Exercise data ->
──────
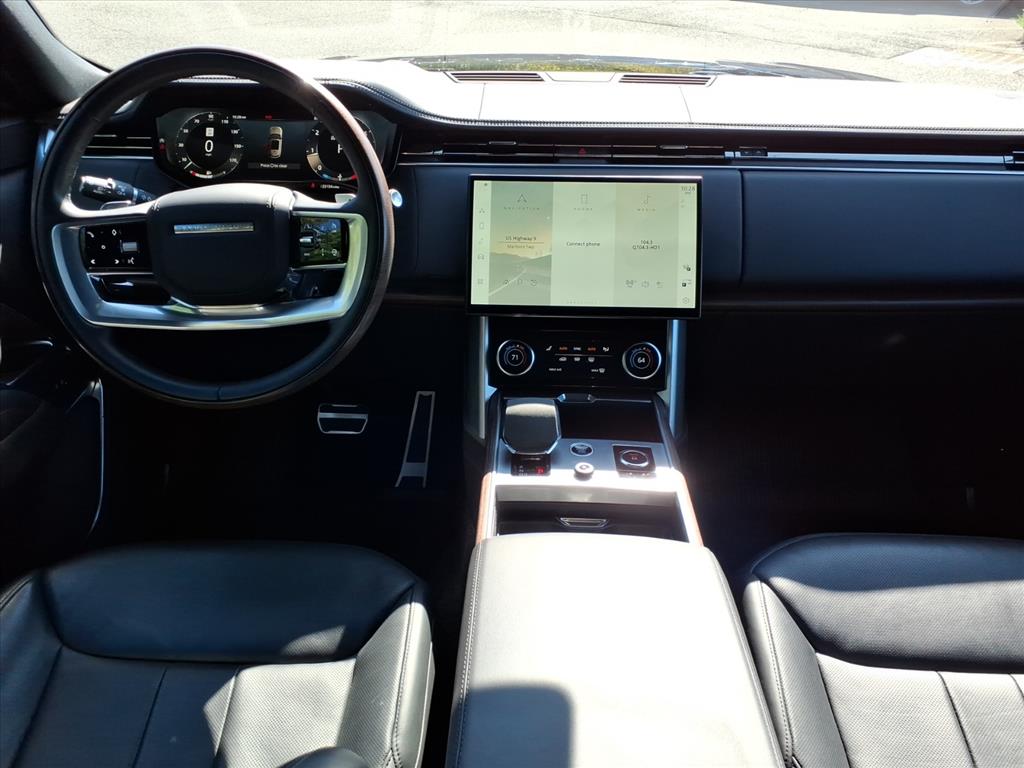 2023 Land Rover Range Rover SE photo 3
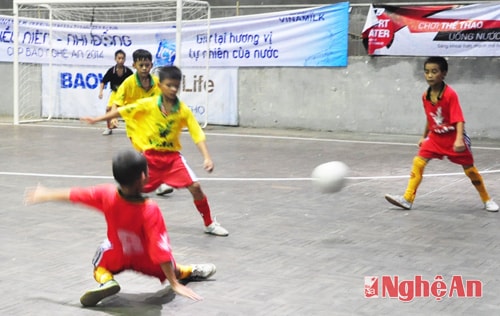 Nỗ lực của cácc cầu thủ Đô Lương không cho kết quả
──────
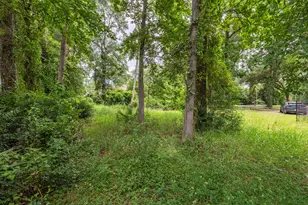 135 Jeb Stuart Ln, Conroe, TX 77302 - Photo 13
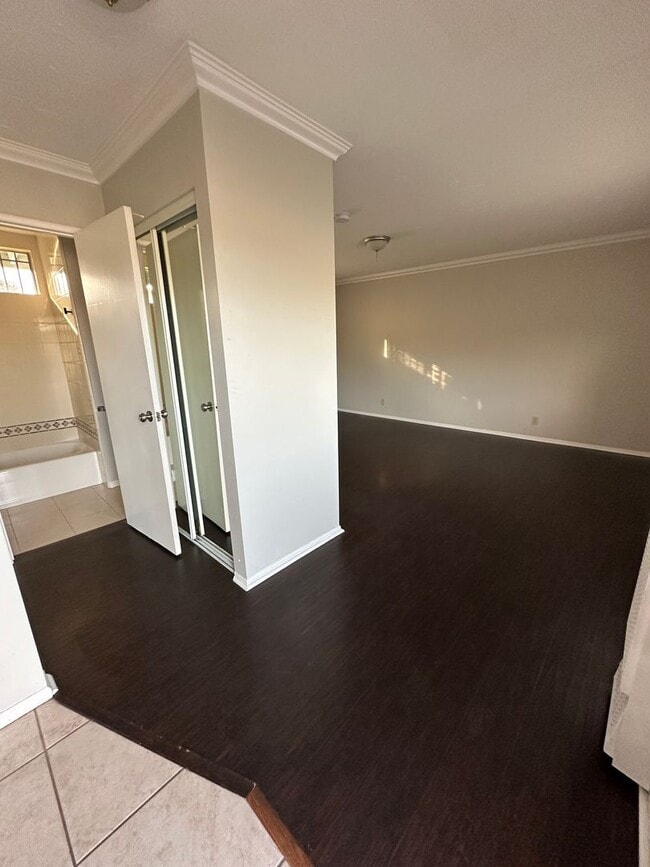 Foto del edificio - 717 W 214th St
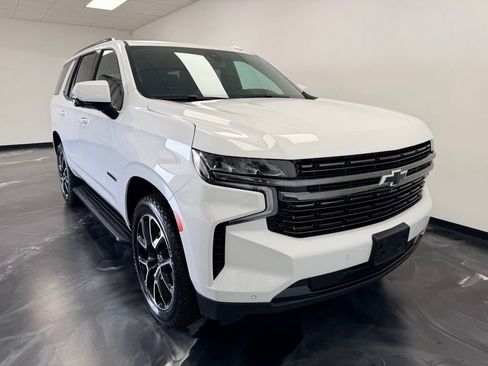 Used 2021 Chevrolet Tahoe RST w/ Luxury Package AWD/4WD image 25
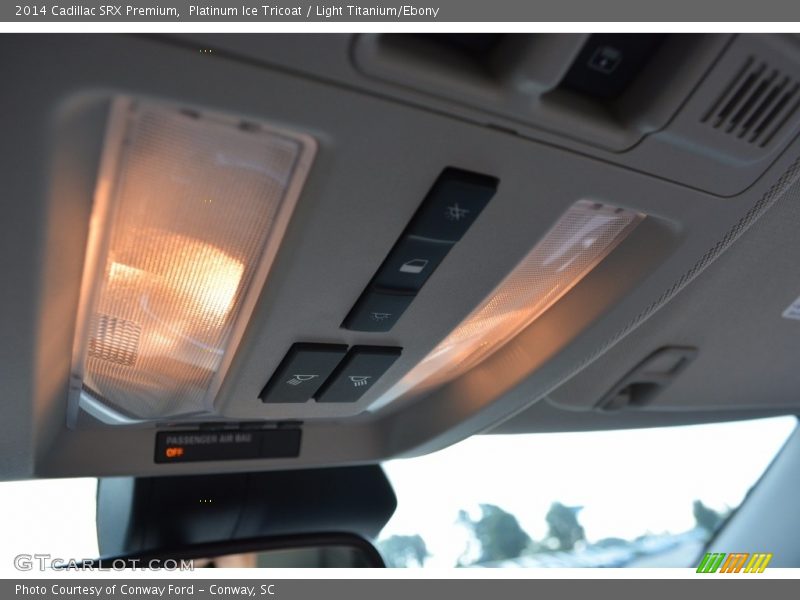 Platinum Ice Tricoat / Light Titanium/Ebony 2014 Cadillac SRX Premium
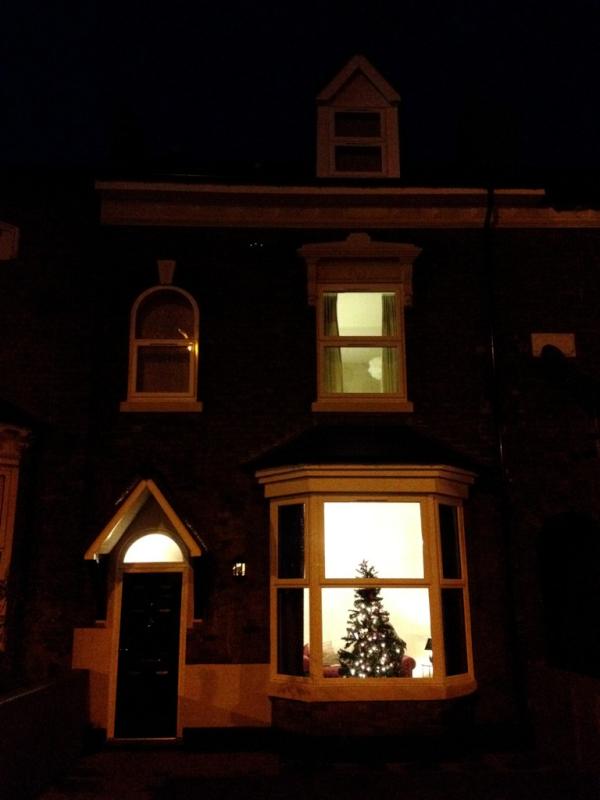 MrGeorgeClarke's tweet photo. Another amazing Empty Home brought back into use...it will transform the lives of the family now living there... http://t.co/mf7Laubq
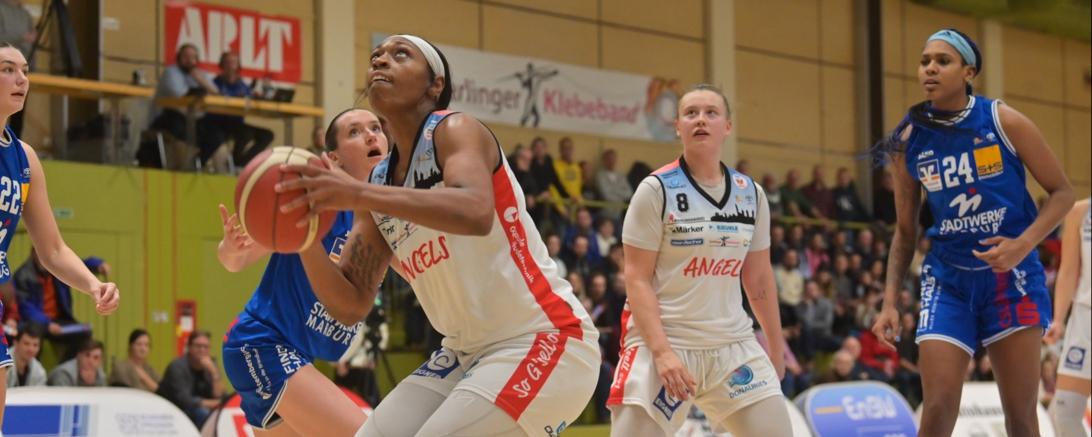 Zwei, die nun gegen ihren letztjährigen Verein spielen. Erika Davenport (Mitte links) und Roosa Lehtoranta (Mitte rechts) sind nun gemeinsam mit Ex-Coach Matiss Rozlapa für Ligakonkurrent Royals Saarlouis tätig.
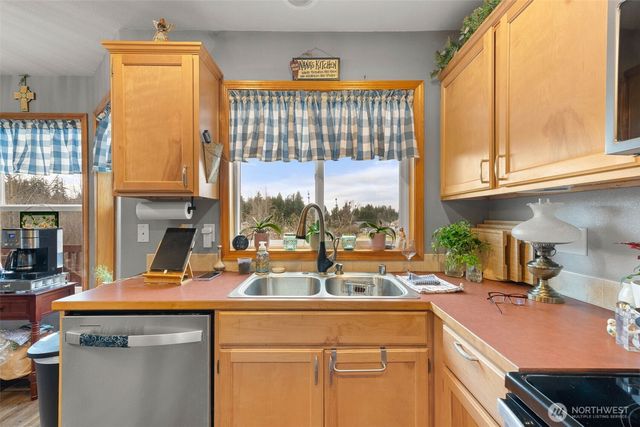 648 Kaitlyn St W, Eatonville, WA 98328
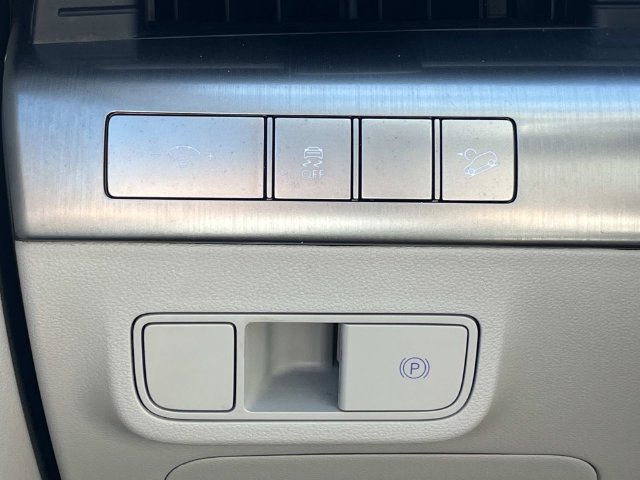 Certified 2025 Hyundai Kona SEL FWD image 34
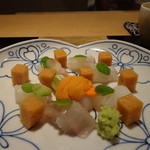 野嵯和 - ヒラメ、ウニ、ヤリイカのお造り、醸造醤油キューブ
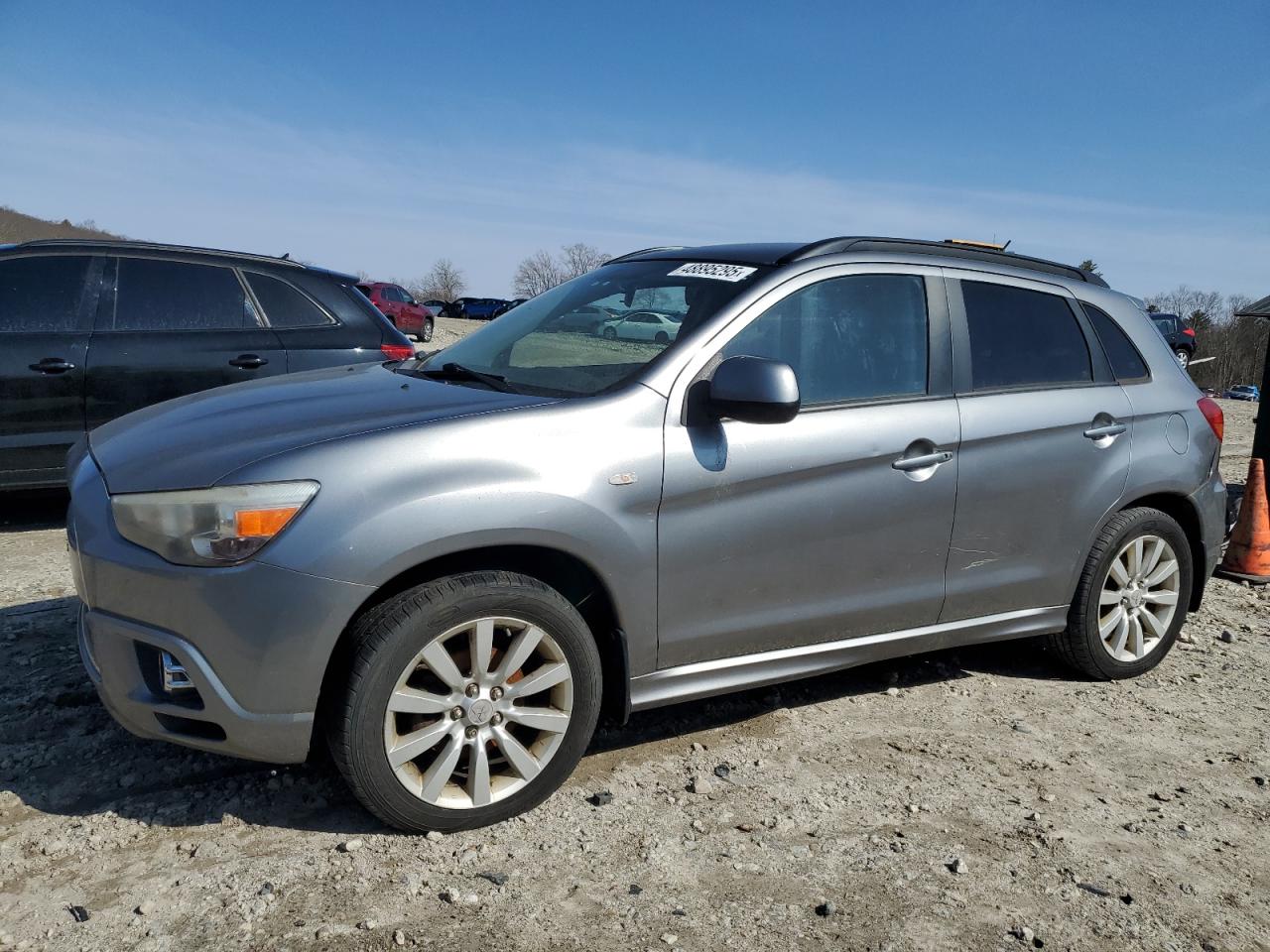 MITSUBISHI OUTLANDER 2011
──────
Whatever pictures the records hold, omit them; give again exactly the lines from the one containing "Used 2021 Chevrolet" through the one containing "MITSUBISHI OUTLANDER 2011".

 Used 2021 Chevrolet Tahoe RST w/ Luxury Package AWD/4WD image 25
 Platinum Ice Tricoat / Light Titanium/Ebony 2014 Cadillac SRX Premium
 MrGeorgeClarke's tweet photo. Another amazing Empty Home brought back into use...it will transform the lives of the family now living there... http://t.co/mf7Laubq
 Zwei, die nun gegen ihren letztjährigen Verein spielen. Erika Davenport (Mitte links) und Roosa Lehtoranta (Mitte rechts) sind nun gemeinsam mit Ex-Coach Matiss Rozlapa für Ligakonkurrent Royals Saarlouis tätig.
 648 Kaitlyn St W, Eatonville, WA 98328
 Certified 2025 Hyundai Kona SEL FWD image 34
 野嵯和 - ヒラメ、ウニ、ヤリイカのお造り、醸造醤油キューブ
 MITSUBISHI OUTLANDER 2011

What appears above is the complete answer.